Supplied data -
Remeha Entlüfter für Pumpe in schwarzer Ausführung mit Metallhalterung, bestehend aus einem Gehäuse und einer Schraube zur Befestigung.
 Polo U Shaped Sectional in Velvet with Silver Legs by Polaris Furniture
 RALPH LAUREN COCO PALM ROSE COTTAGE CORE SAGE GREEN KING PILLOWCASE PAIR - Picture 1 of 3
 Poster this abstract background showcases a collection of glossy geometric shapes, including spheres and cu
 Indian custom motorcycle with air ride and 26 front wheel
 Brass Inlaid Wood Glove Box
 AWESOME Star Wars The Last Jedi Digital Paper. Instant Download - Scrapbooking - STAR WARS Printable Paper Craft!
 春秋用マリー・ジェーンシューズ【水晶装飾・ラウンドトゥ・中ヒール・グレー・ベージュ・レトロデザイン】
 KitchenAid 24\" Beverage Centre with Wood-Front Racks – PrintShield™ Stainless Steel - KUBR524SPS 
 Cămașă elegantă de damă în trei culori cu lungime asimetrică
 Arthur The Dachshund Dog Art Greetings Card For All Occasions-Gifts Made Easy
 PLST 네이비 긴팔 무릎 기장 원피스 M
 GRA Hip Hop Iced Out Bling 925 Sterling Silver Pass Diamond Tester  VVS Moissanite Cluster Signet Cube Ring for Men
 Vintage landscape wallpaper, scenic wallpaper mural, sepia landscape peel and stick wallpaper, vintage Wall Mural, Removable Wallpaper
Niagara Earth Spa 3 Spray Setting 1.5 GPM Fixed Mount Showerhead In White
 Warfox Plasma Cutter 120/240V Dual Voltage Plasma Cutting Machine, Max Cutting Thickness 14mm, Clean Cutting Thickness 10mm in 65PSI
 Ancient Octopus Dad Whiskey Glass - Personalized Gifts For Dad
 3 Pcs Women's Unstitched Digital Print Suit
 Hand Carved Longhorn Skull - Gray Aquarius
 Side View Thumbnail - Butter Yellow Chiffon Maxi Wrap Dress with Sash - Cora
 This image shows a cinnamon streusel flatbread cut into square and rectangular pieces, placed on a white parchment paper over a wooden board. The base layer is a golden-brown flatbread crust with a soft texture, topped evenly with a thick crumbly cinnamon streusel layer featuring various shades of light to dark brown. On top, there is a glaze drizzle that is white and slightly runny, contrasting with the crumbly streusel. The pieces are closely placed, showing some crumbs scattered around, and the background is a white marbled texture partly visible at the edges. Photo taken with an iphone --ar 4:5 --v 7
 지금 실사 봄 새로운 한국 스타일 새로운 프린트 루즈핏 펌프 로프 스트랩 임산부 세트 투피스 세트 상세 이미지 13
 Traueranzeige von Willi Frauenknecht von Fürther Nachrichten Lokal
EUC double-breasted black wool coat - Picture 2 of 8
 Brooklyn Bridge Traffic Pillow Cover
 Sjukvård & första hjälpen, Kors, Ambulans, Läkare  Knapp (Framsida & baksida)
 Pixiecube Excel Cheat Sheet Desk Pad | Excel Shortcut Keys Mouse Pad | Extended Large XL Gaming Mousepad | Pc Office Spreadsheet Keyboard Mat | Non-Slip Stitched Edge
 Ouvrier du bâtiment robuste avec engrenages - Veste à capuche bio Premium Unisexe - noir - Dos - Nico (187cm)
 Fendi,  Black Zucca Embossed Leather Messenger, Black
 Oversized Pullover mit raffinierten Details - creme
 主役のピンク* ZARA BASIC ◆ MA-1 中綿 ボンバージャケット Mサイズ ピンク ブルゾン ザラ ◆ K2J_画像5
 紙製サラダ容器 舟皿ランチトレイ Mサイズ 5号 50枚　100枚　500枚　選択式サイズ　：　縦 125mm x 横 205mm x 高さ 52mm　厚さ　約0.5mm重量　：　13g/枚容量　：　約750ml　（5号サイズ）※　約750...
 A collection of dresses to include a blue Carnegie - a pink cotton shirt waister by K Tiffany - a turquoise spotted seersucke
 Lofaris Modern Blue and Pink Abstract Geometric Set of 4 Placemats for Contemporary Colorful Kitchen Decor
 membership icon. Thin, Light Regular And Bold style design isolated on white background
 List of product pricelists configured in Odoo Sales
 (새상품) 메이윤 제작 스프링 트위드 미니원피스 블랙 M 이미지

Required work -
Reproduce only the lines above, starting at the line with "Pixiecube Excel Cheat" and ending at the line with "membership icon. Thin, Light", exactly as written.

Written response -
 Pixiecube Excel Cheat Sheet Desk Pad | Excel Shortcut Keys Mouse Pad | Extended Large XL Gaming Mousepad | Pc Office Spreadsheet Keyboard Mat | Non-Slip Stitched Edge
 Ouvrier du bâtiment robuste avec engrenages - Veste à capuche bio Premium Unisexe - noir - Dos - Nico (187cm)
 Fendi,  Black Zucca Embossed Leather Messenger, Black
 Oversized Pullover mit raffinierten Details - creme
 主役のピンク* ZARA BASIC ◆ MA-1 中綿 ボンバージャケット Mサイズ ピンク ブルゾン ザラ ◆ K2J_画像5
 紙製サラダ容器 舟皿ランチトレイ Mサイズ 5号 50枚　100枚　500枚　選択式サイズ　：　縦 125mm x 横 205mm x 高さ 52mm　厚さ　約0.5mm重量　：　13g/枚容量　：　約750ml　（5号サイズ）※　約750...
 A collection of dresses to include a blue Carnegie - a pink cotton shirt waister by K Tiffany - a turquoise spotted seersucke
 Lofaris Modern Blue and Pink Abstract Geometric Set of 4 Placemats for Contemporary Colorful Kitchen Decor
 membership icon. Thin, Light Regular And Bold style design isolated on white background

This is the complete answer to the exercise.